By contrast, a “non-significant misdemeanor” includes any misdemeanor punishable by imprisonment of more than five days and less than a year that is not on the USCIS list of significant misdemeanors (above).
How to Apply for DACA Deferred Action
You will need to submit a formal application, plus supporting evidence that you qualify for deferred action, plus fees. You can submit an application even if you are already in deportation proceedings, but the procedures will be somewhat different -- an attorney can help you with this.
The form for this application is called an I-821D, and is available for free download from USCIS, with instructions. You must also submit Form I-765 for the work permit, along with a worksheet called Form I-765WS. See the Consideration of Deferred Action for Childhood Arrivals page of its website for more information on submitting the application and follow-up.
For supporting documents, you will need to show evidence of your identity, age, arrival date in the U.S., school record, and evidence of continuous physical presence. Such evidence might, depending on your life circumstances, include:
- birth certificate
- copy of passport and, if any, visa and I-94 Arrival/Departure Record
- plane, bus, or boat tickets showing entry to the U.S.

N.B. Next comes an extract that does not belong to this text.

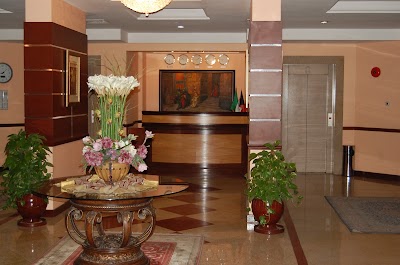 Photos of Royal Residence Hotel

- school records, including diplomas and GED certificates
- copy of driver’s license
- personal affidavits or statements by friends, teachers, employers, and ministers or other religious leaders
- tax records
- financial records
- medical records
- employment records, and
- military records.
The fee is $465, which reflects the usual $85 biometrics (fingerprinting) fee for a background check, and $380 fee for the EAD. You must submit the EAD application (Form I-765) even if you do not want or need a work permit. In limited circumstances, USCIS may grant a fee waiver (exemptions) for low-income applicants.

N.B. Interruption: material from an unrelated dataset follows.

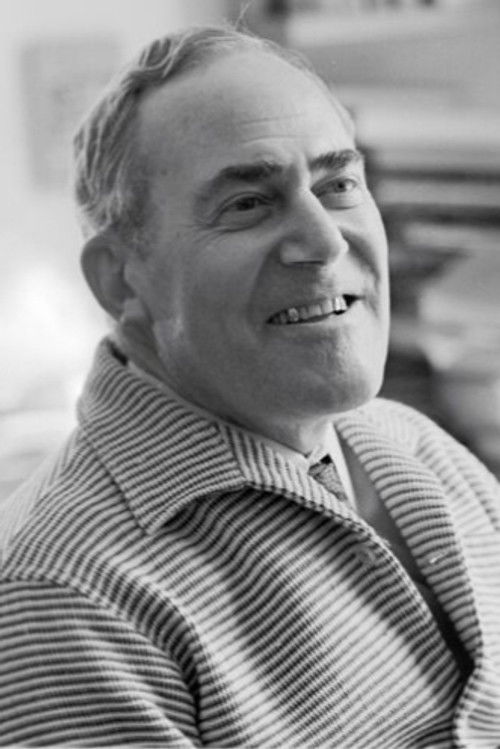 Photo of Vadim Kozhevnikov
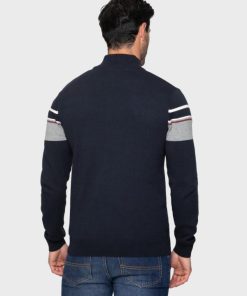 Foggyshore.shop997753218a 2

Application Deadline and Renewals
There is no deadline to apply for this program, so long as you meet the eligibility criteria and the program is still in effect. In fact, the program has now been around long enough that renewals are possible (for another two years). See Nolo's article, "How to Renew Your DACA Status."
Get Legal Help
If you or anyone you know is considering applying for deferred action status, your best bet is to consult with a qualified immigration attorney – even if you later decide not to hire the attorney to prepare your application.
It is doubly important to consult with an attorney if you have any sort of criminal history, even if it was a juvenile conviction or the record has been sealed or expunged. USCIS interprets and treats criminal convictions in its own way.